Bengal’s leader of Opposition Suvendu Adhikari retweeted Malviya’s post.

Immediately after Malviya, BJP’s Asansol South MLA and chief of the state women’s wing, Agnimitra Paul, took to Twitter and alleged that the state government had spent “Rs 32.53 crore for the past six years on 13 commissions of inquiry” for political purposes and the Pegasus probe would be no different.

However, several state BJP office-bearers admitted off the record that the surveillance allegation was an embarrassment for the party nationally as well as at the state level. Some of these leaders went to the extent of saying that Mamata Banerjee’s decision to initiate a formal probe into the snooping of phones through Pegasus spyware was a masterstroke.

“The best thing for the party would have been to laud the commission and let it be.

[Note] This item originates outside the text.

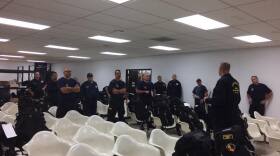 Members of the San Diego Urban Search and Rescue (CA-TF8) gear up before heading to Texas to assist after Hurricane Harvey, Aug. 27, 2017. 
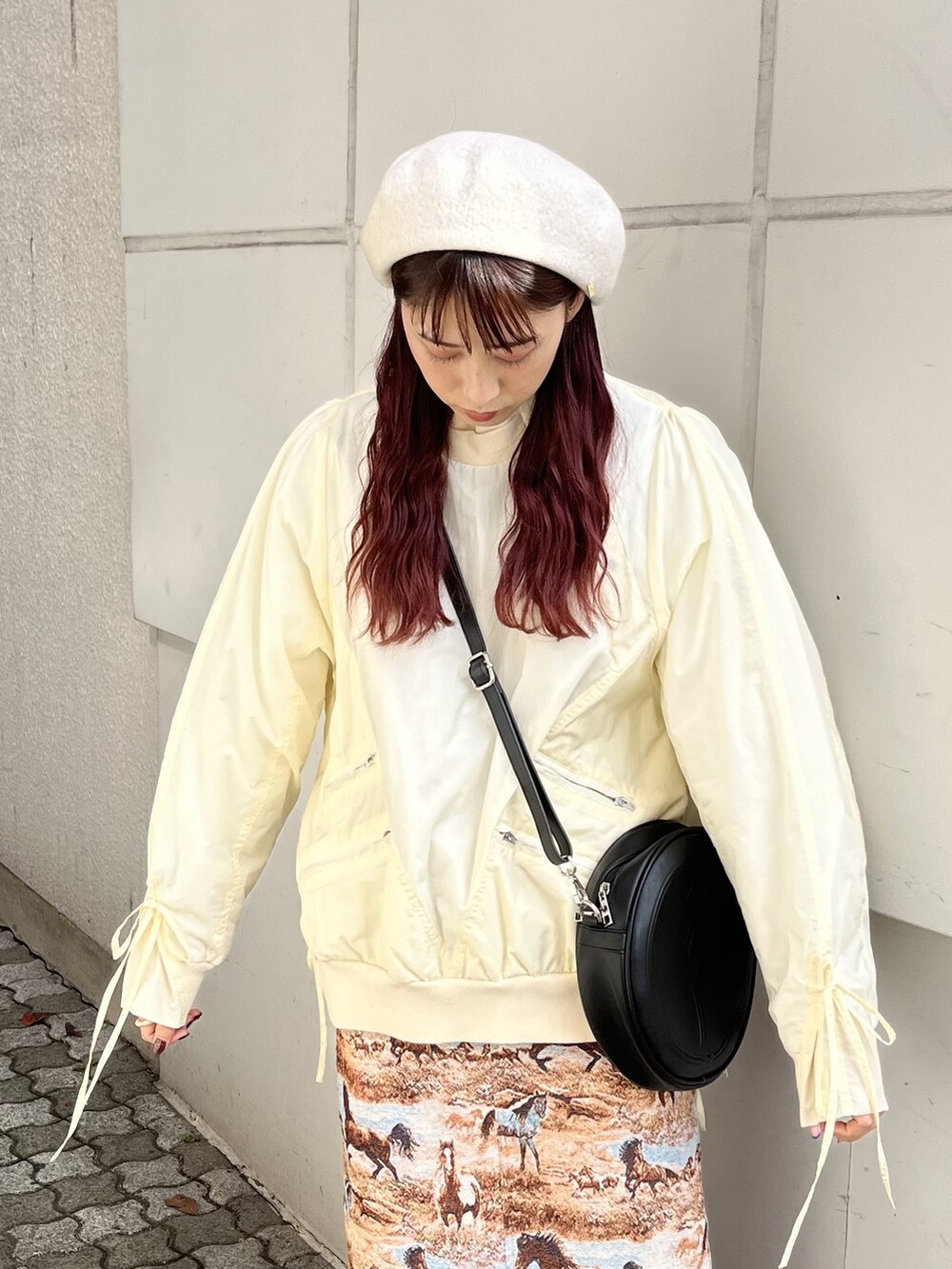 ブラック系のショルダーバッグ、ブラウン系のブーツ、ブラウン系のジャンパースカートを着用したレディースの冬コーディネートの2枚目の写真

The fact that our leaders are going all out against the CM shows that there must be something wrong,” a state BJP functionary said.

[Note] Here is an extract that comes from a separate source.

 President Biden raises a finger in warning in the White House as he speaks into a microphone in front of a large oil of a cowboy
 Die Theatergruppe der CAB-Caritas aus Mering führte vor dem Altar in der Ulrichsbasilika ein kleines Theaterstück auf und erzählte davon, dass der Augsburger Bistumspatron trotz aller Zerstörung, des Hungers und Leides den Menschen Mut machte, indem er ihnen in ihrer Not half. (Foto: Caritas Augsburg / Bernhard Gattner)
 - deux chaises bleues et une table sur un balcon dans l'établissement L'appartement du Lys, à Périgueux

One BJP leader also appreciated Mamata for the time she chose to announce the commission. “She made the announcement just before her departure for Delhi. This will obviously be talked about nationally,” this leader said.

“Our leaders could have been a bit more sensitive while reacting to it.”

The chief spokesperson of the state BJP, Samik Bhattacharya, tried to turn the tables on Trinamul during a news conference.

Bhattacharya said it was alleged that the Bengal government snooped on the telephones of its own ministers, officers and journalists. Thus, its role in the Pegasus issue must also be probed, he added.

“Didn’t a certain police commissioner go to Israel in the past ten years? Did he not hold meetings with their representatives? Don’t the STF and CID use softwares like Pegasus? These questions must be asked,” Bhattacharya said.

He added that former state BJP chief Rahul Sinha and Mukul Roy, the former de facto Trinamul number two who had joined the BJP in 2017 and went back to his former party after the recent Assembly polls, had also complained of being snooped on.